What the task requires: Produce word for word the lines of the data below running from the one that has "Parte 1 mk peace meaker vs ghost face" to the one that has "Goddess Singing Bowl", inclusive, and no others.

Source data:
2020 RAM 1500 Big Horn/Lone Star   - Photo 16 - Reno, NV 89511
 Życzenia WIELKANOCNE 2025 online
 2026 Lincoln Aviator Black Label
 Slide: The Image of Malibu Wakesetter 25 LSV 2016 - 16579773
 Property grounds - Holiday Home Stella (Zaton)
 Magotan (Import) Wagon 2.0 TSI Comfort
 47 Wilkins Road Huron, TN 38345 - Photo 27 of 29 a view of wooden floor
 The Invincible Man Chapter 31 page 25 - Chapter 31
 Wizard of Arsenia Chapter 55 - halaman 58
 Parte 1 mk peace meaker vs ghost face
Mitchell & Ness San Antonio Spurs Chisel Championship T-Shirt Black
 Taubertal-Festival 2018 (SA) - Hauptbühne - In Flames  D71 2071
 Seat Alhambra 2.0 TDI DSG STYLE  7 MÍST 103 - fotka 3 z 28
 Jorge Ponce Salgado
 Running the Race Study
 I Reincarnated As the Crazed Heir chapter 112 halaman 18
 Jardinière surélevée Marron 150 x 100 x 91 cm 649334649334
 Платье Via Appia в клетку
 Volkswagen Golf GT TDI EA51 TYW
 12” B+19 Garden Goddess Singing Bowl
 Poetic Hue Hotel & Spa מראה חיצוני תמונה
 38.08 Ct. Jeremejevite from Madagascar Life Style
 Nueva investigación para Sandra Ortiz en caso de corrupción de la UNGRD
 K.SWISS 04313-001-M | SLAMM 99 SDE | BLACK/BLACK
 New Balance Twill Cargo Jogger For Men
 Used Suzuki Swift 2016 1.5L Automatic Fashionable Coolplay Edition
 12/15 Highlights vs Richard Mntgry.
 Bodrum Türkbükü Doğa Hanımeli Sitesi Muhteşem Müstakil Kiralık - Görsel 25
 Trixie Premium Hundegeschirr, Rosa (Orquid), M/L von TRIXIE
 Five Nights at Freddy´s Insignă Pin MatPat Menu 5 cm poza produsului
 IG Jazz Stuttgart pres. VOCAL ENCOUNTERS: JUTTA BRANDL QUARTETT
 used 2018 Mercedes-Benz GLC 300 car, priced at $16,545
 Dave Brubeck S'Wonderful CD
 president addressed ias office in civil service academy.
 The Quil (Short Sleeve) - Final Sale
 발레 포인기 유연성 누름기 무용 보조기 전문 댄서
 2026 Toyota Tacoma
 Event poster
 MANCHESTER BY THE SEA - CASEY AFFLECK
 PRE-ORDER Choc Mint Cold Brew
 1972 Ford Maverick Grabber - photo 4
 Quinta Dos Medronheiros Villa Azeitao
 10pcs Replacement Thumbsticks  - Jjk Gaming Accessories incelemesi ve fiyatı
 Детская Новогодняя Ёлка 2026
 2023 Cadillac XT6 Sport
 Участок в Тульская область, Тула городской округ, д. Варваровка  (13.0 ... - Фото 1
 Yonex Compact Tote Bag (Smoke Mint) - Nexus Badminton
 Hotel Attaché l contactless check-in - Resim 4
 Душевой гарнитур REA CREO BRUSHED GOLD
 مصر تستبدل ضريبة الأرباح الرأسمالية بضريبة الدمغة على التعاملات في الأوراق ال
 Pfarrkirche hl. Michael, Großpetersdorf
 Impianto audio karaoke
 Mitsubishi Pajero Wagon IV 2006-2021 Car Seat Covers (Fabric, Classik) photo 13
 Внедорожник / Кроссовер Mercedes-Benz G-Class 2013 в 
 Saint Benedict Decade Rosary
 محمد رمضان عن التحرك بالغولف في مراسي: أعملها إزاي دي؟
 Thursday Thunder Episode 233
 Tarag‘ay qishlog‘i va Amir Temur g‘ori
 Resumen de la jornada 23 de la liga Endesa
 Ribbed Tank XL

Answer space:
 Parte 1 mk peace meaker vs ghost face
Mitchell & Ness San Antonio Spurs Chisel Championship T-Shirt Black
 Taubertal-Festival 2018 (SA) - Hauptbühne - In Flames  D71 2071
 Seat Alhambra 2.0 TDI DSG STYLE  7 MÍST 103 - fotka 3 z 28
 Jorge Ponce Salgado
 Running the Race Study
 I Reincarnated As the Crazed Heir chapter 112 halaman 18
 Jardinière surélevée Marron 150 x 100 x 91 cm 649334649334
 Платье Via Appia в клетку
 Volkswagen Golf GT TDI EA51 TYW
 12” B+19 Garden Goddess Singing Bowl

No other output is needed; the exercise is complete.